:: YOUR INSTRUCTIONS ::
Only the lines from the one containing "TikTok @diandramarshas pertunangan" through the end of the records should be retyped, exactly and including both ends; pictures stay out.

(INFORMATION SHOWN)

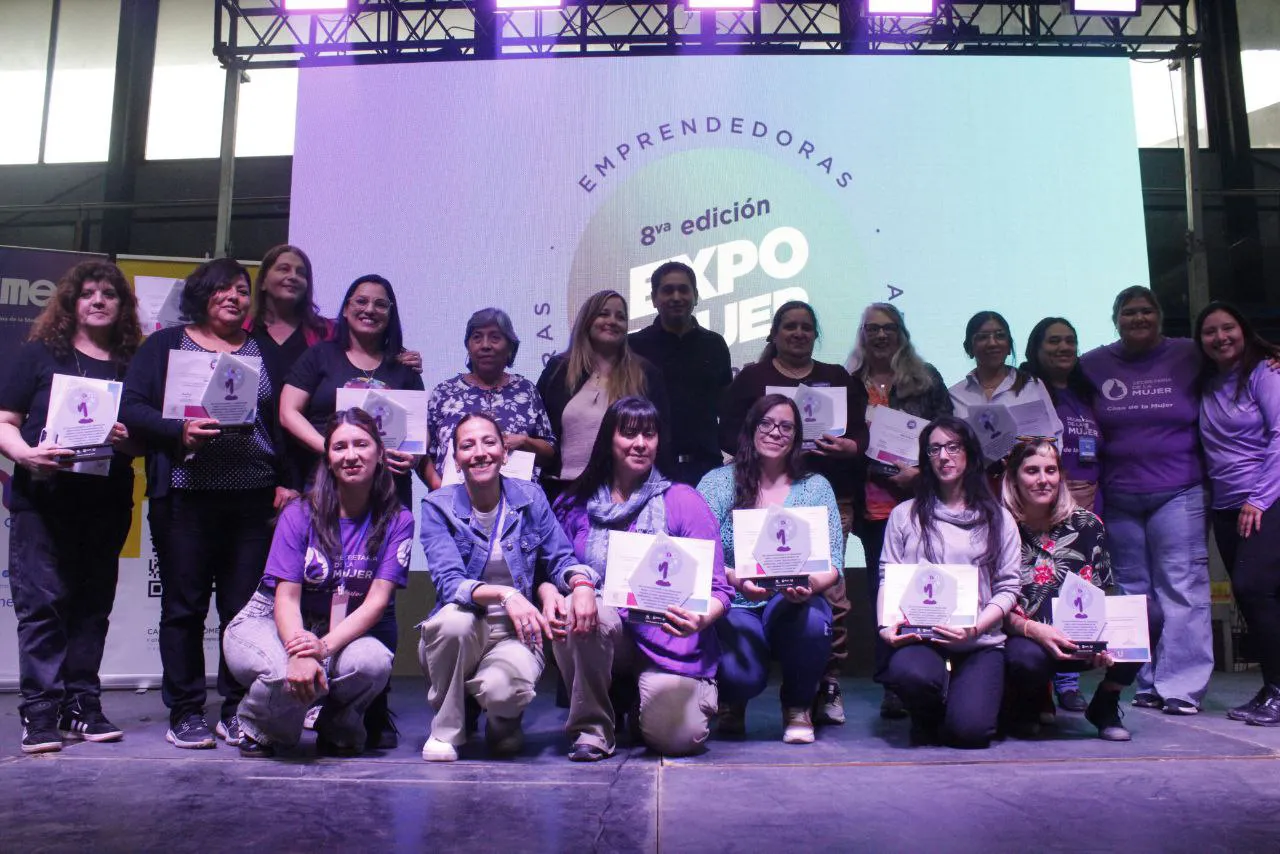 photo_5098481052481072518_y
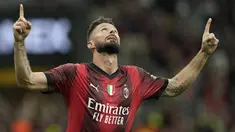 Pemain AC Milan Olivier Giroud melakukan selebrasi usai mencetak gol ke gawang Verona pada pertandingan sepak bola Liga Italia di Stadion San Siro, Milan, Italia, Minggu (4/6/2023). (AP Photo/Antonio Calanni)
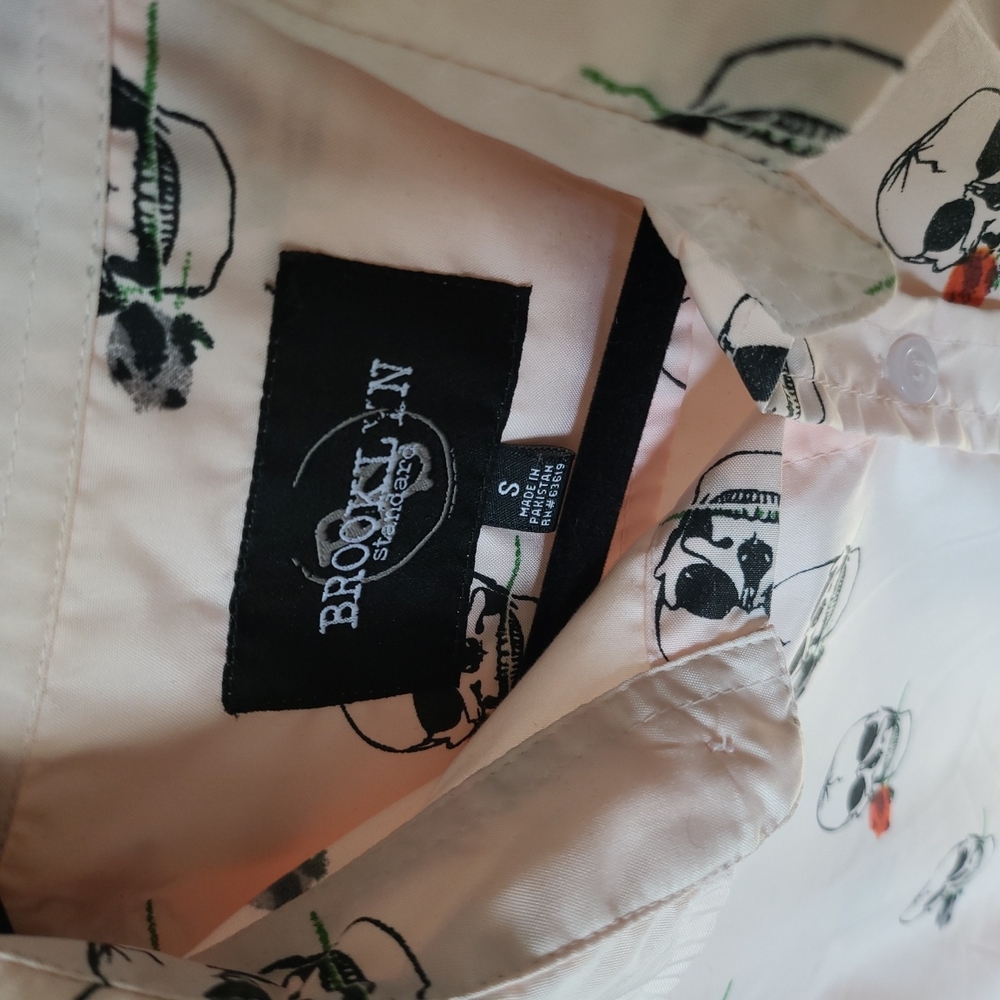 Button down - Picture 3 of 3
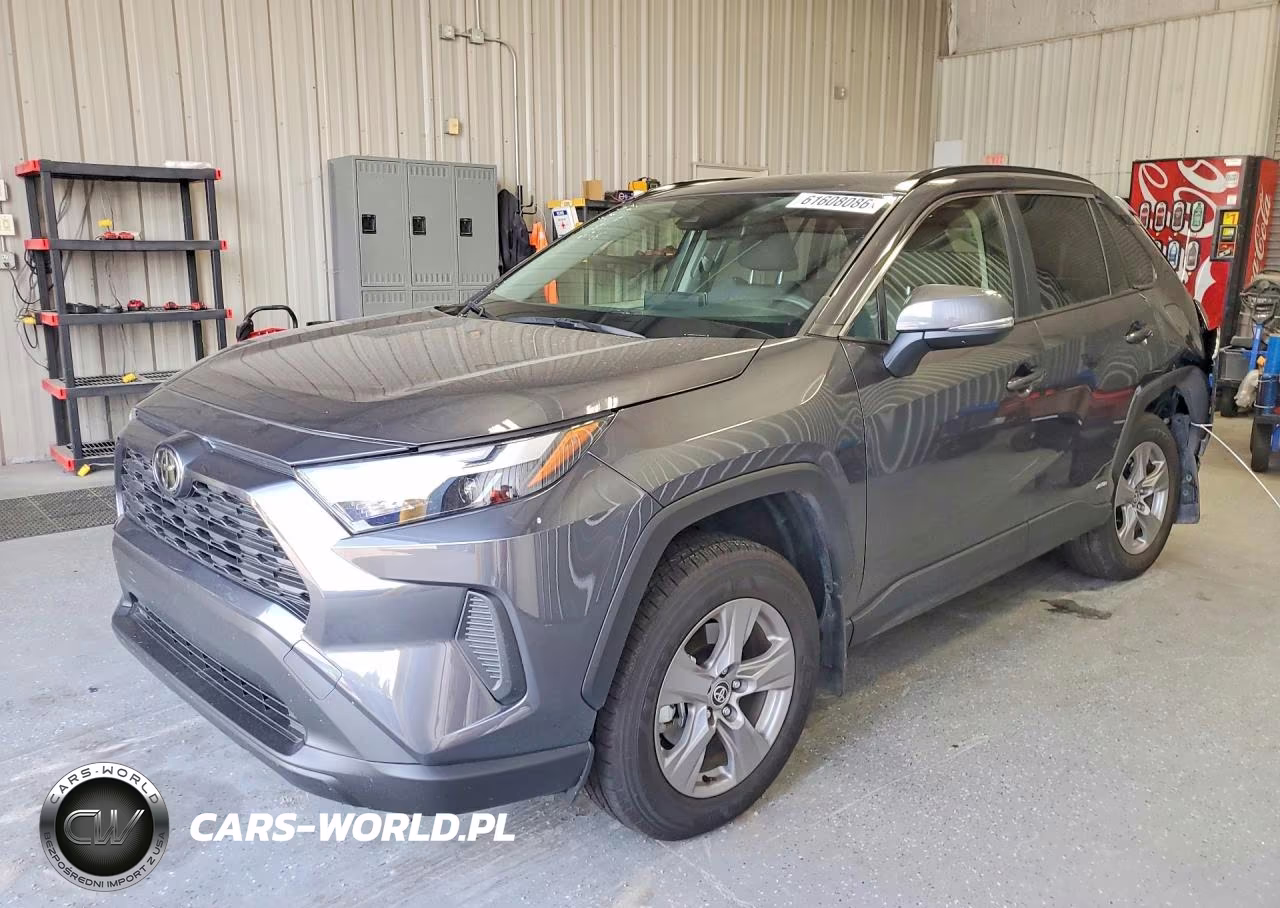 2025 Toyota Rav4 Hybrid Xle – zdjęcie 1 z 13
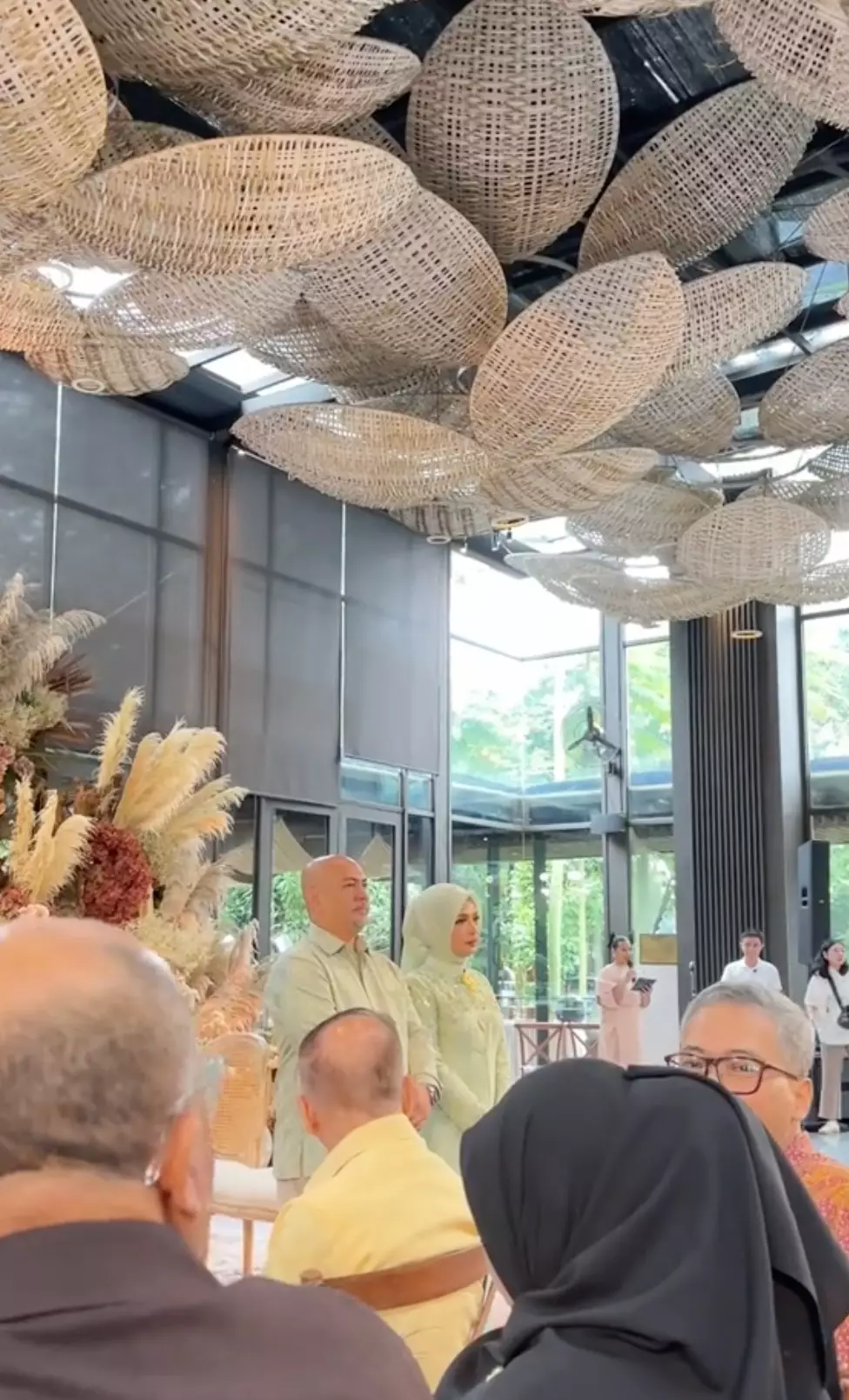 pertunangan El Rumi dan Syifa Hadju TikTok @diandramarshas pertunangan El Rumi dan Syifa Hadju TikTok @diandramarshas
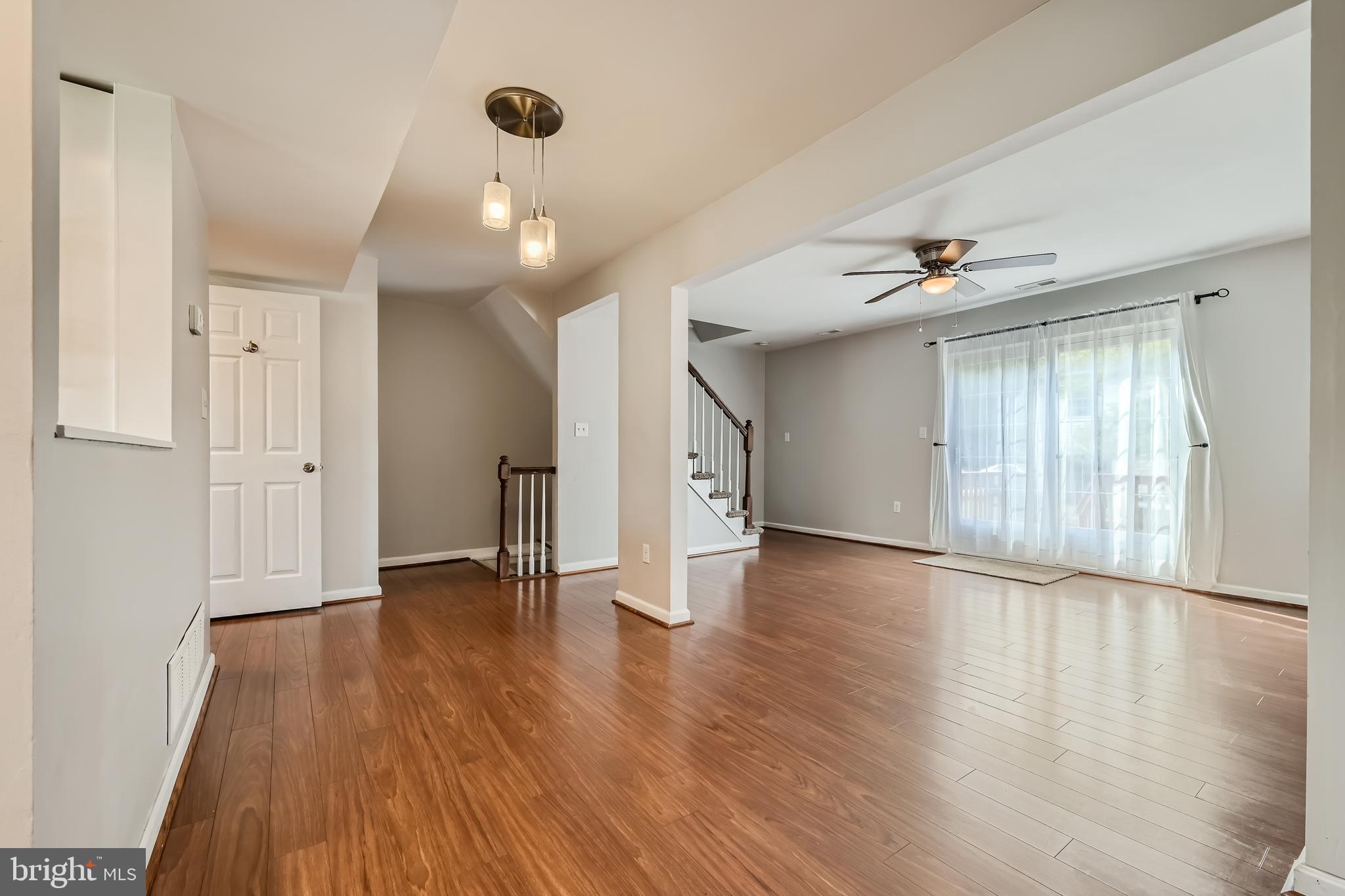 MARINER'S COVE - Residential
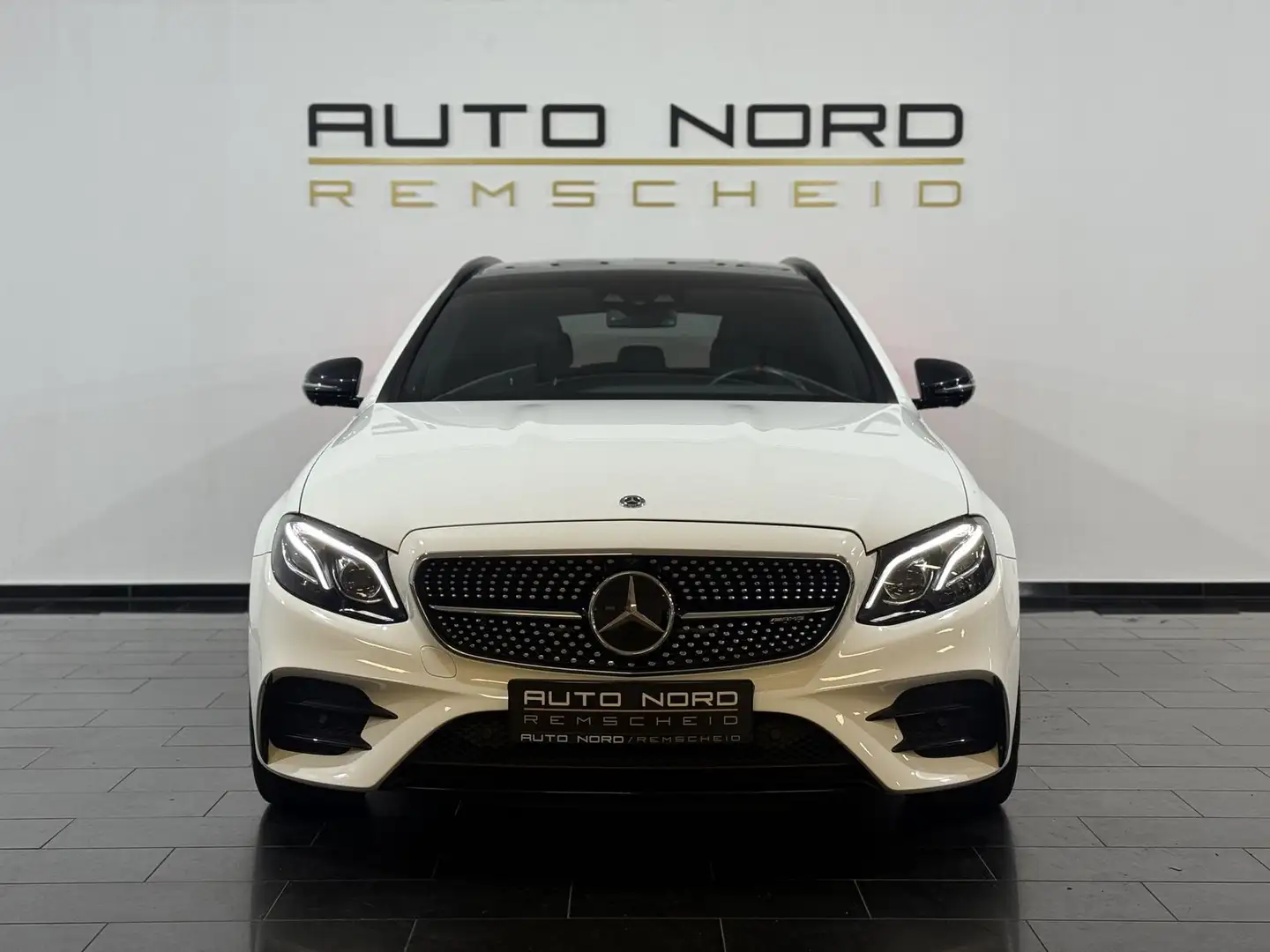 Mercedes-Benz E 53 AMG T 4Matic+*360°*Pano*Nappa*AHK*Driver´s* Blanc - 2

(End INFORMATION SHOWN)

:: ANSWER TO THE PROBLEM ::
 pertunangan El Rumi dan Syifa Hadju TikTok @diandramarshas pertunangan El Rumi dan Syifa Hadju TikTok @diandramarshas
 MARINER'S COVE - Residential
 Mercedes-Benz E 53 AMG T 4Matic+*360°*Pano*Nappa*AHK*Driver´s* Blanc - 2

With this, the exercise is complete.